Data range U1:U50 will then contain values “0” and “1” only with the former representing non-brick veneer properties and the latter representing brick veneer properties.

**Step 2:**

Obtain a descriptive statistics table for the transformed “Building Type” sample data.

Repeat the procedure described in Step 1 of Assignment Task 7 above to obtain the descriptive statistics table suitable for constructing a point estimate and 99% confidence interval estimate for the proportion of brick veneer properties in the population.

In the Descriptive Statistics dialogue box you will need to specify, in the Input Range, the cell locations of the transformed sample “Building Type” variable i.e. u1:u50.

The Confidence Level for Mean box has been ticked and adjusted for 99% confidence.

The descriptive statistics table (with confidence interval estimation information included) resulting from this process is:

Note: That the decimal values in this table have been rounded to, at most, two decimal places since the data being summarised in this table is whole number data (0’s and 1’s). This is consistent with the suggestion in Step 2 of Assignment Task 5.

At this stage you may be a little concerned that we have produced an Excel output that is going to provide information about a mean rather than a proportion.

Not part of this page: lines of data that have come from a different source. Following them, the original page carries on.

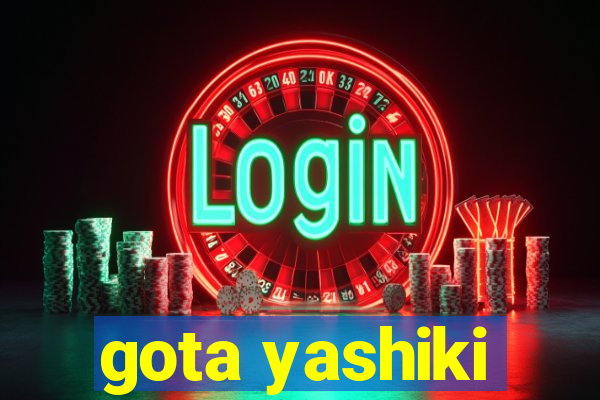 gota yashiki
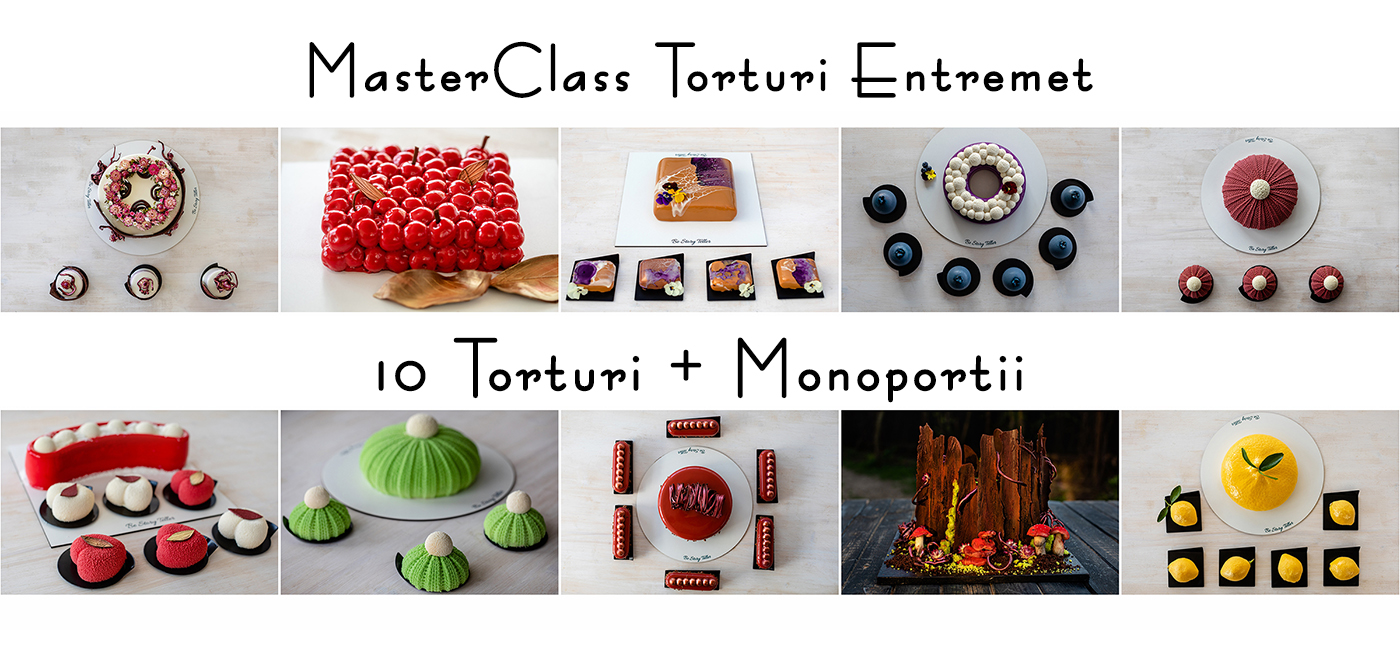 MasterClass Torturi Entremet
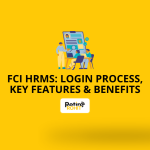 FCI HRMS Login Process, Key Features & Benefits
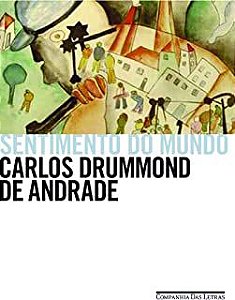 Livro Sentimento do Mundo Autor Andrade, Carlos Drummond de (2012) [usado]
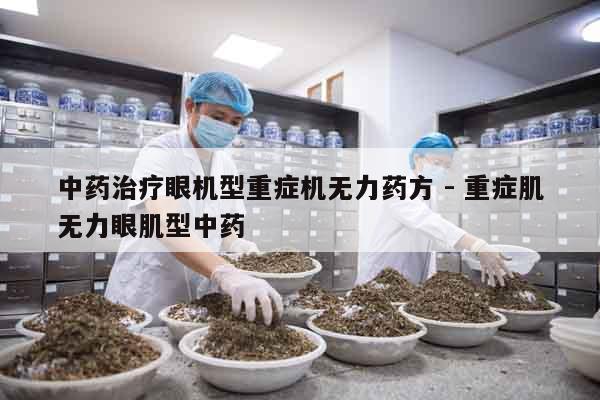 中藥治療眼機(jī)型重癥機(jī)無力藥方 - 重癥肌無力眼肌型中藥 中藥治療眼機(jī)型重癥機(jī)無力藥方 - 重癥肌無力眼肌型中藥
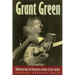 Grant Green: Rediscovering the Forgotten Genius of Jazz Guitar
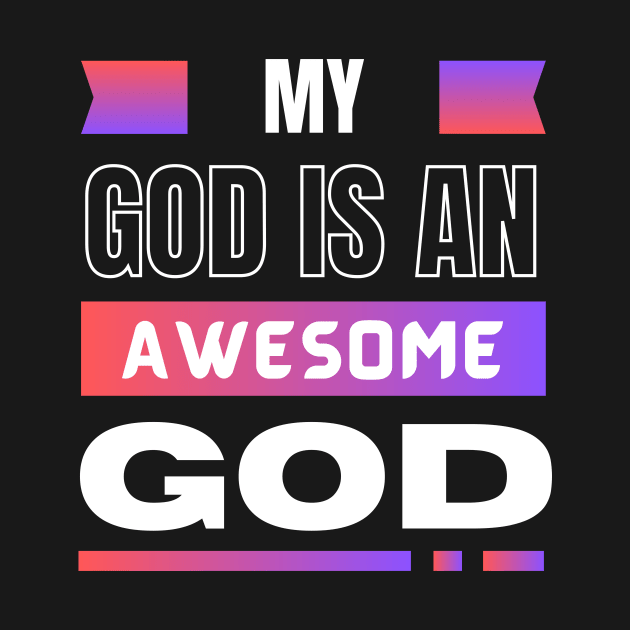 My God Is An Awesome God | Christian by All Things Gospel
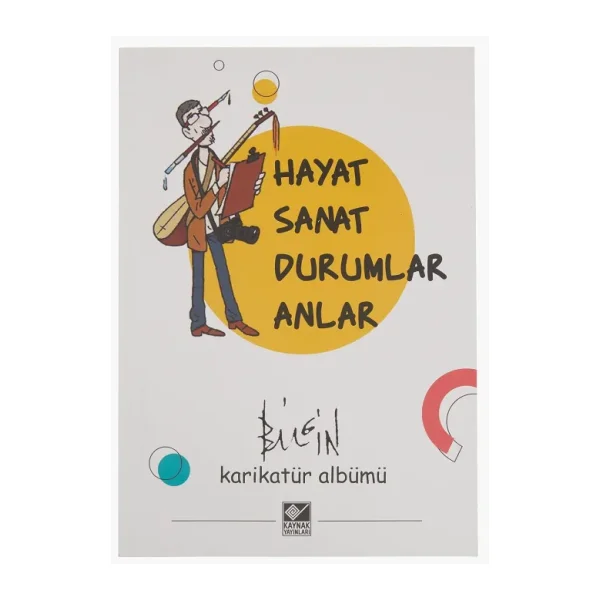 Hayat Sanat Durumlar Anlar - Mustafa Bilgin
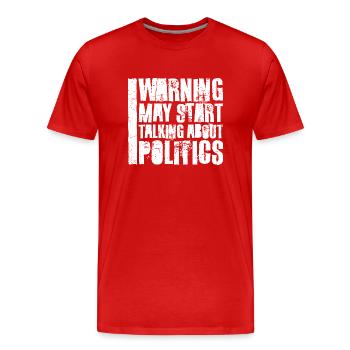 Funny Warning May Start Talking About Politics - Men's Premium Organic T-Shirt - red - Front - Damien (186cm)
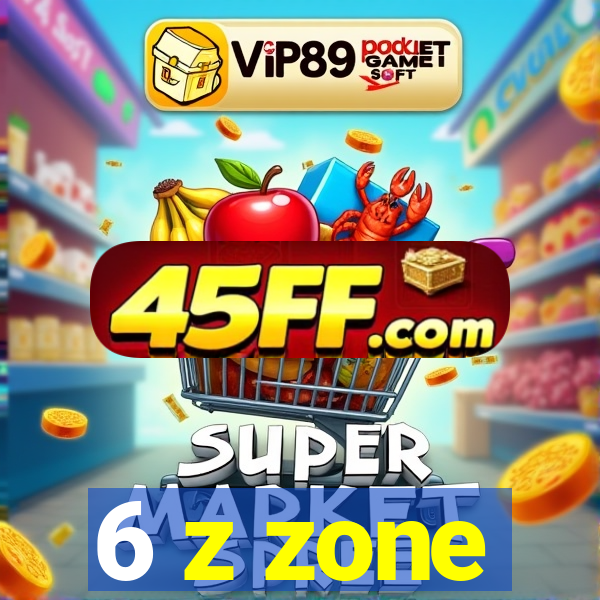 6 z zone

The special feature to note here is that the transformed “Building Type” data consists entirely of 0’s and 1’s and because of this the “Sum” (in this case 21) actually represents the number of brick veneer properties (each represented by the number 1) in the sample of size fifty.

The “Mean” then, calculated as 21/50 = 0.42, as well as providing the arithmetic mean of the fifty data values (consisting of twenty-one 1’s and twenty-nine 0’s), also provides the percentage (21/50 = 42%) or proportion of brick veneer properties in the sample of size fifty.

Further, the “Standard Error” value of, in this case, 0.07, is, strictly speaking, the estimate of the standard deviation of the sampling distribution of sample means for samples of size fifty (in this case) used in the formula for constructing a confidence interval estimate of a population mean. Perhaps surprisingly, this “Standard Error” value, for a data set which consists entirely of 0’s and 1’s will be virtually identical (for large samples) to the standard deviation of the sampling distribution of sample proportions of 1’s for samples of size fifty (in this case) used in the formula for constructing a confidence interval estimate of a population proportion. This can be shown to be the case algebraically but is outside the scope of BEO1106.

**Step 3:**

Deduce the point estimate and the 99% confidence interval estimate of the proportion of brick veneer properties in the population from the sample “Mean” value and the “Confidence Level” information provided in the descriptive statistics table.

As explained above the “Mean” information provided in the descriptive statistics table for a data set consisting entirely of 0’s and 1’s also provides the proportion of 1’s in the sample data. You are required, in Assignment Task 7, to obtain two estimates, a point estimate and an interval estimate, of the proportion of brick veneer properties in the population.

Further, note that the “Confidence Level” information, from the seminar material of week 7, is the value of “e” (error bound) that is subtracted and added to the sample proportion to obtain the lower confidence limit (LCL) and upper confidence limit (UCL) respectively, of the appropriate confidence interval.

**Step 4:**

Copy the tabular output into a MS Word document to form part of your completed assignment.

Repeat the procedure described in Step 3 of Assignment Task 6 above.